I don't have conures, but 2 of my parrots are approximately Jenday size. You're going to want to get a cage which is a minimum of 24x22" or about. The next standard size up would be ideal. While they're fairly small parrots, they will enjoy space to move around and play when they have to be in their cage, and of course bigger is always better for any bird species. Keep in mind about bar spacing though. A bar spacing at about 5/8" is ideal. 1" is too big for a Jenday size bird. 

You will need to teach the bird at least the basics of positive reinforcement. Clicker or target training are good methods. Any conure can be worked with and taught to be socialized with multiple people if taught consistently from an early age. Remember, you get out of it what you put in. Conures are highly trainable. If you hear that parrots are one person birds, mean, or unruly in any way, you can bet the bird lacks basic training and boundaries being set, and bad habits are not nipped in the bud by the owner. 
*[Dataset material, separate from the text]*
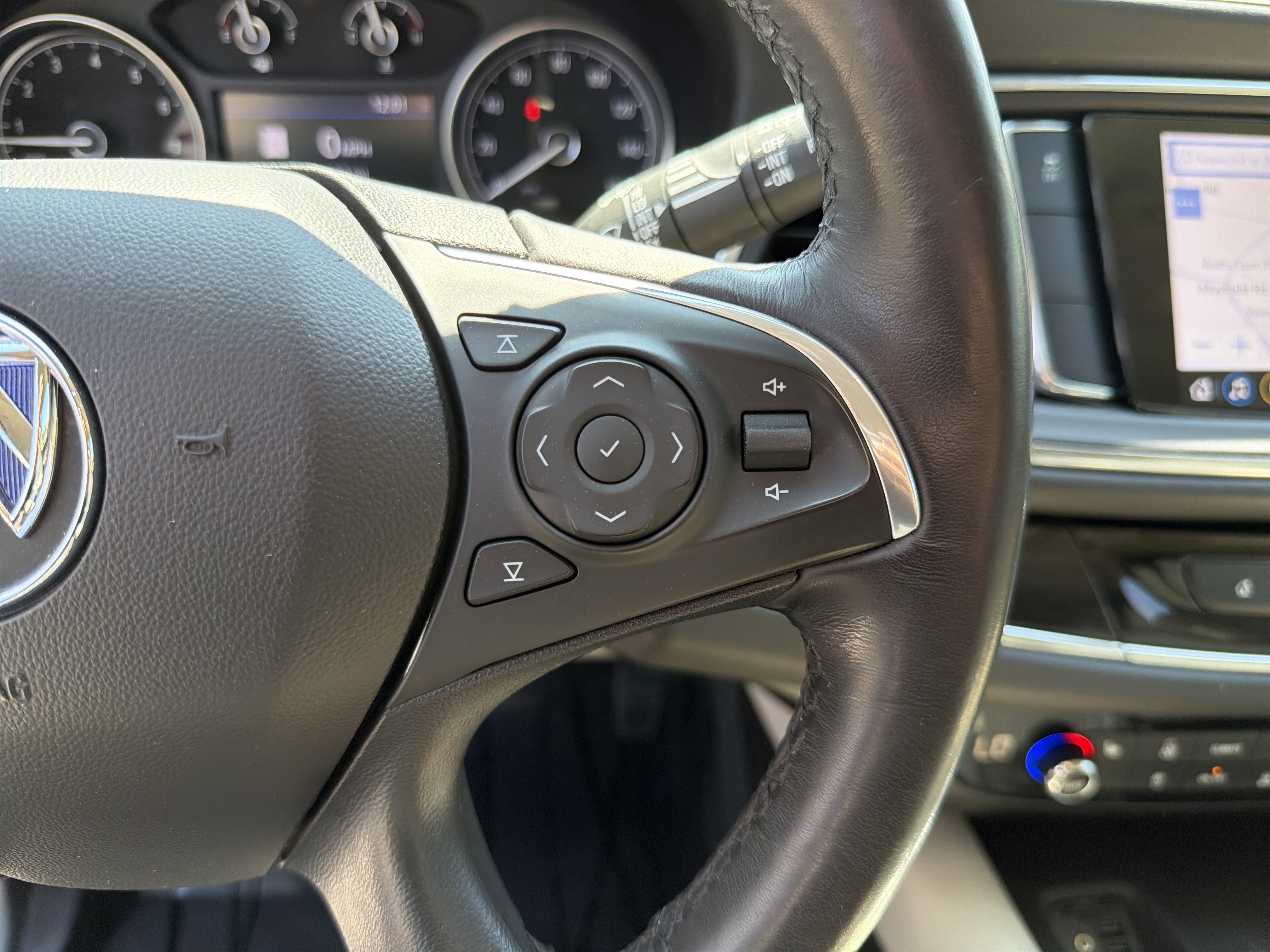 Used 2020 Buick Enclave Essence w/ Sound and Sites Package image 34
Diet for conures are the same for most Psittacine species (parrots and parakeets)... High quality pellets, fresh foods with or without added grains, sprouts, seeds, (or at least some of those things if not all). A high quality pellet base to the diet assures adequate nutrition is covered. 

Parrots (even small ones) are headstrong and smart, and will be a learning curve above budgies, but the conures are considered to be a great choice for novice level owners . Keep in mind the Jendays and Suns are known to have a very loud voice compared to their body size, and can be a vocal species. All the best to you .


----------



## Evemarine (May 31, 2016)

From what I've read, the green cheeks and pineapples are much quieter birds. I think if you are going to have close neighbours its sensible to choose one of the less vocal ones. They all look really quite affectionate and trainable though. Good luck.


----------



## PoukieBear (Sep 27, 2013)

I've owned both a Green Cheek and Sun conure.
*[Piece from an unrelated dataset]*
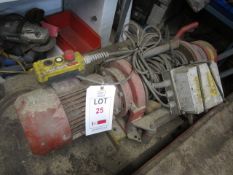 M3 3000 Truck mountable steel wire 3 phase winch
The Green Cheek Was an amazing bird! When My boyfriend and I broke up, I took him with me when I moved back in with my parents, and he quickly fell in love with my step dad. LOVED him to death! So much, that when I finally moved out on my own again and took him with me, he was miserable and loud and bit a lot. I eventually brought him back home again to be with my step dad! LOL poor old guy was not expecting to be a full time bird parent!

I always thought my dream bird was a Sun conure, just look at them and you can see why! I found an add on my local classifieds and brought home a tame bird. She was LOUD LOUD LOUD!! 

But what really made me uncomfortable was that beak. it was HUGE, and scary, and could do a lot of damage. I didn't take me long to discover that I should just stick with budgies, and I eventually gave her back to the breeder and a huge weight was lifted from my shoulders. 
Seriously! that beak scared the daylights out of me.

Have you found a breeder in your area? I would suggest spending some time with the birds, handling them and making sure that you are comfortable with their size and noise level and diet needs. 
As much as I wanted to be a conure parent, it just didn't work out for me. Don't be me! lol


----------